I am running an opencpu based image on openshift, every time the pod starts, after just a few seconds, it crashes with the error:

command terminated with non-zero exit code: Error executing in Docker Container: 137

Event tab shows only below three events and terminal logs does not show anything as well.

Back-off restarting the failed container
Pod sandbox changed, it will be killed and re-created.
Killing container with id docker://opencpu-test-temp:Need to kill Pod

I am really not getting any clue on why container gets restarted in every few seconds. This image runs just fine locally.

Does anyone give me a clue on how to debug this issue ?


Solution

  • Error 137 is often memory related in a docker context.
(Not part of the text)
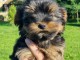 Chiot Yorkshire terrier femelle a donner 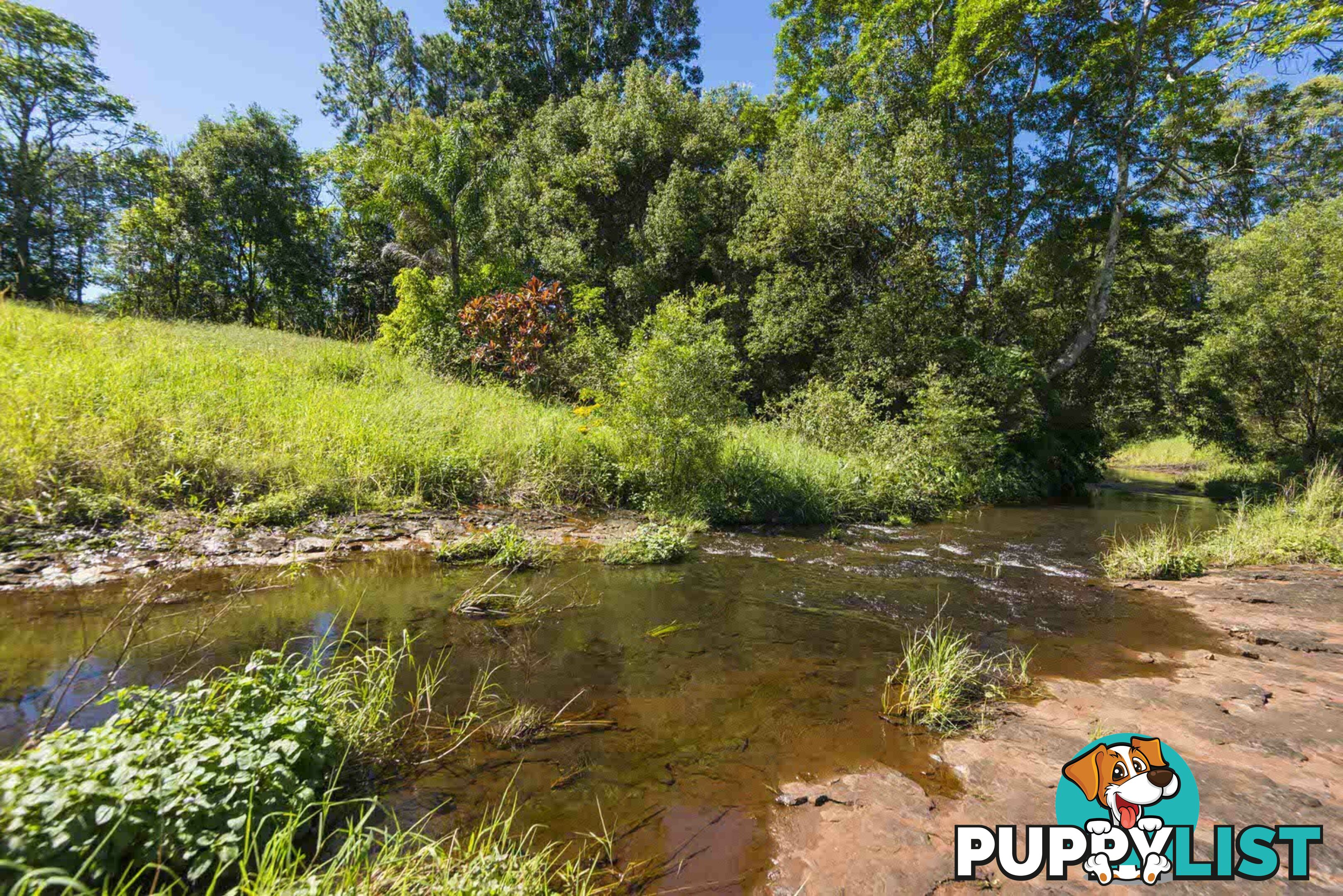 7 Banjo Place ALSTONVILLE NSW 2477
    The actual error is from the process that is isolated in the docker container. It means that the process could not be killed with a SIGKILL. Source

    From bobcares.com:

    Error 137 in Docker denotes that the container was ‘KILL’ed by ‘oom-killer’ (Out of Memory). This happens when there isn’t enough memory in the container for running the process.

    ‘OOM killer’ is a proactive process that jumps in to save the system when its memory level goes too low, by killing the resource-abusive processes to free up memory for the system.

    Try checking your memory config of the container? And available memory on the host that is launching the pod? Is there nothing the the opencpu container log?

    Check the seting rlimit.as in the config file /etc/opencpu/server.conf, inside the image. This limit is the "per request" memory limit for your opencpu instance (I realize that your problem is at startup, so this is perhaps not too likely to be the case).